[Short text fragments from websites]
* * * * *

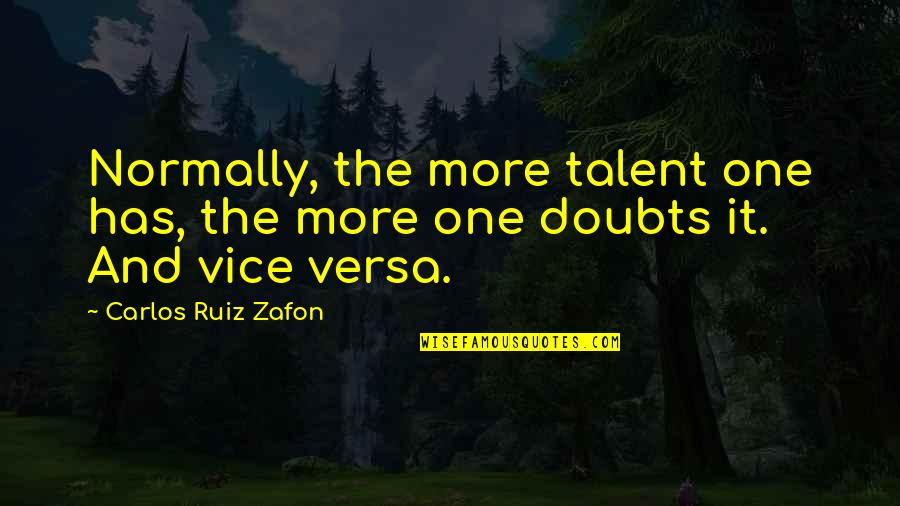 Gay And Proud Quotes By Carlos Ruiz Zafon: Normally, the more talent one has, the more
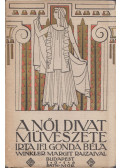 Ifj. Gonda Béla - A női divat művészete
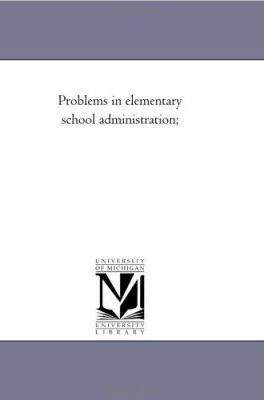 Problems in Elementary School Administration; 1418187755 Book Cover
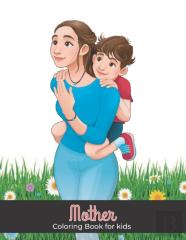 Mother Coloring Book For Kids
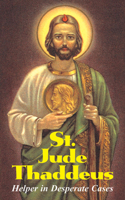 St. Jude Thaddeus: Helper in Desperate Cases 0895556480 Book Cover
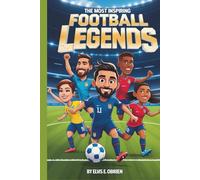 THE MOST INSPIRING FOOTBALL LEGEND: Incredible Stories, Fun Facts & Trivia Games for Kids and Teens!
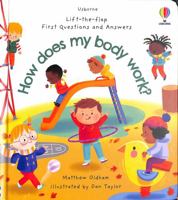 First Questions and Answers: How does my body work? 1409598802 Book Cover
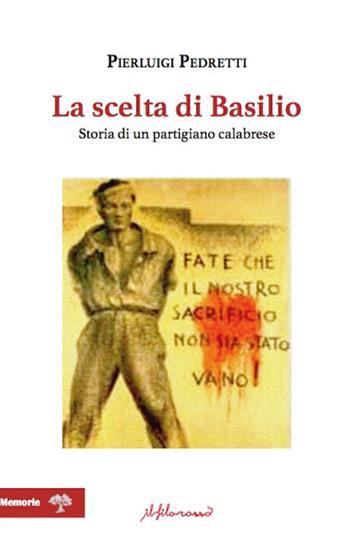 La scelta di Basilio. Storia di un partigiano calabrese - Pierluigi Pedretti - Libro ilfilorosso 2026 | libraccio.click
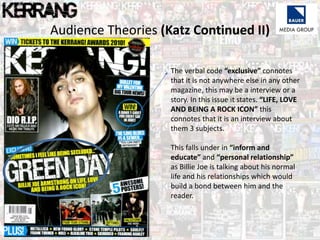 Audience Theories (Katz Continued II)
The verbal code “exclusive” connotes
that it is not anywhere else in any other
magazine, this may be a interview or a
story. In this issue it states. “LIFE, LOVE
AND BEING A ROCK ICON” this
connotes that it is an interview about
them 3 subjects.
This falls under in “inform and
educate” and “personal relationship”
as Billie Joe is talking about his normal
life and his relationships which would
build a bond between him and the
reader.
 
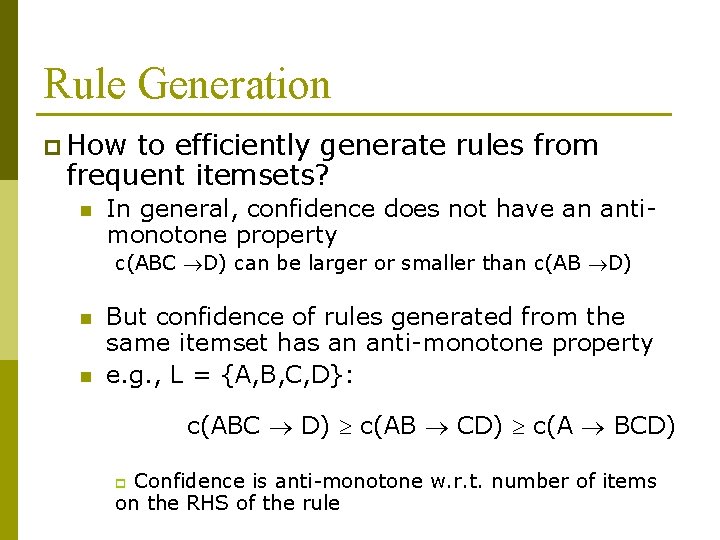 Rule Generation p How to efficiently generate rules from frequent itemsets? n In general,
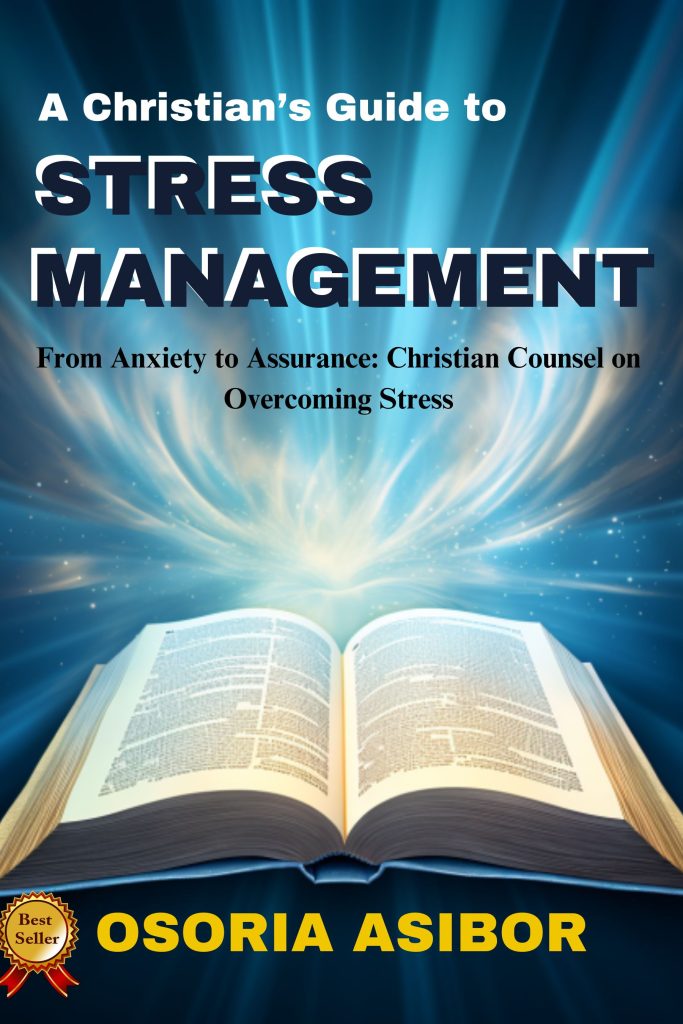 A Christian’s Guide to Stress Management - Standard Words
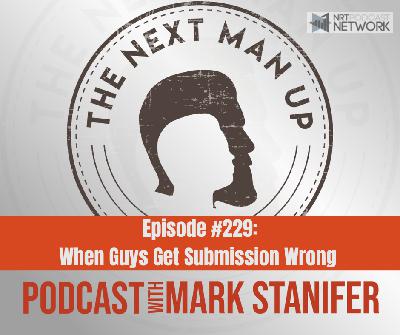 TNMU #229: When Guys Get Submission Wrong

* * * * *

Work order:
Go to the line above that has "Ifj. Gonda Béla - A női divat művészete" and copy exactly from there down to the line that has "The verbal code", both included. Leave the pictures out.

Written solution:
 Ifj. Gonda Béla - A női divat művészete
 Problems in Elementary School Administration; 1418187755 Book Cover
 Mother Coloring Book For Kids
 St. Jude Thaddeus: Helper in Desperate Cases 0895556480 Book Cover
 THE MOST INSPIRING FOOTBALL LEGEND: Incredible Stories, Fun Facts & Trivia Games for Kids and Teens!
 First Questions and Answers: How does my body work? 1409598802 Book Cover
 La scelta di Basilio. Storia di un partigiano calabrese - Pierluigi Pedretti - Libro ilfilorosso 2026 | libraccio.click
 Audience Theories (Katz Continued II)
The verbal code “exclusive” connotes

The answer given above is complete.